Supplied data>
● ● ● ● ● ● ●
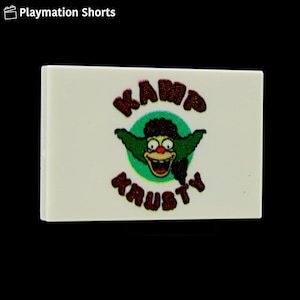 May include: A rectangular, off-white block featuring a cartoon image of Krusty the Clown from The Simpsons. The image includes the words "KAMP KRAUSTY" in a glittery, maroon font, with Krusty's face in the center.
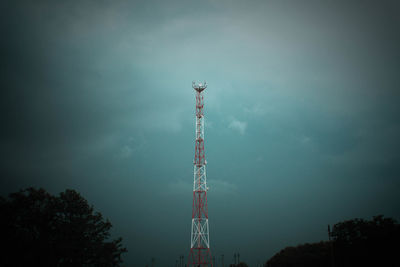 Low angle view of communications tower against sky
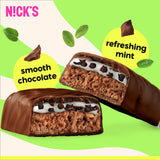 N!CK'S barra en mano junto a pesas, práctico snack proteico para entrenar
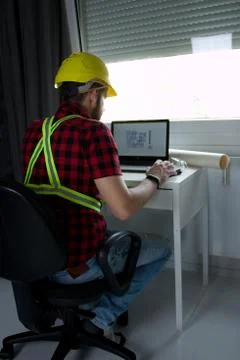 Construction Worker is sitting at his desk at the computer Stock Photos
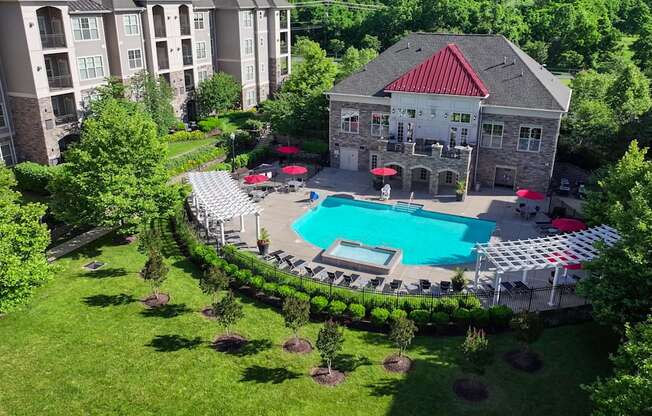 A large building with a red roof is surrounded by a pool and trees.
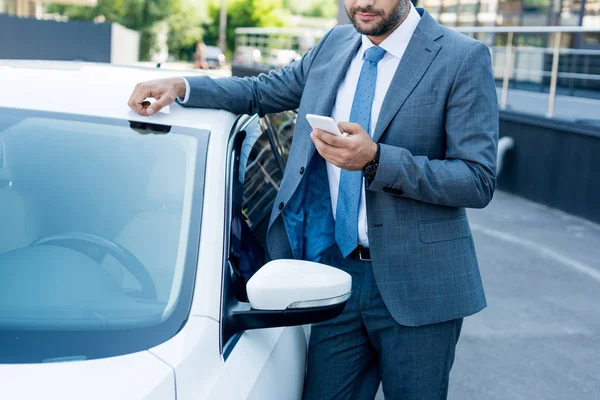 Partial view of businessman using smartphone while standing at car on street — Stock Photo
● ● ● ● ● ● ●
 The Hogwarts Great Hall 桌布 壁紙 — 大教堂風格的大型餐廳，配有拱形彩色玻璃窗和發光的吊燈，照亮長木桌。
● ● ● ● ● ● ●
Aim of the task> Return word for word the lines of the listing above, starting at the line with "Construction Worker is" and ending at the line with "Partial view of", both included. Pictures do not belong in the copy.

Exercise answer>
 Construction Worker is sitting at his desk at the computer Stock Photos
 A large building with a red roof is surrounded by a pool and trees.
 Partial view of businessman using smartphone while standing at car on street — Stock Photo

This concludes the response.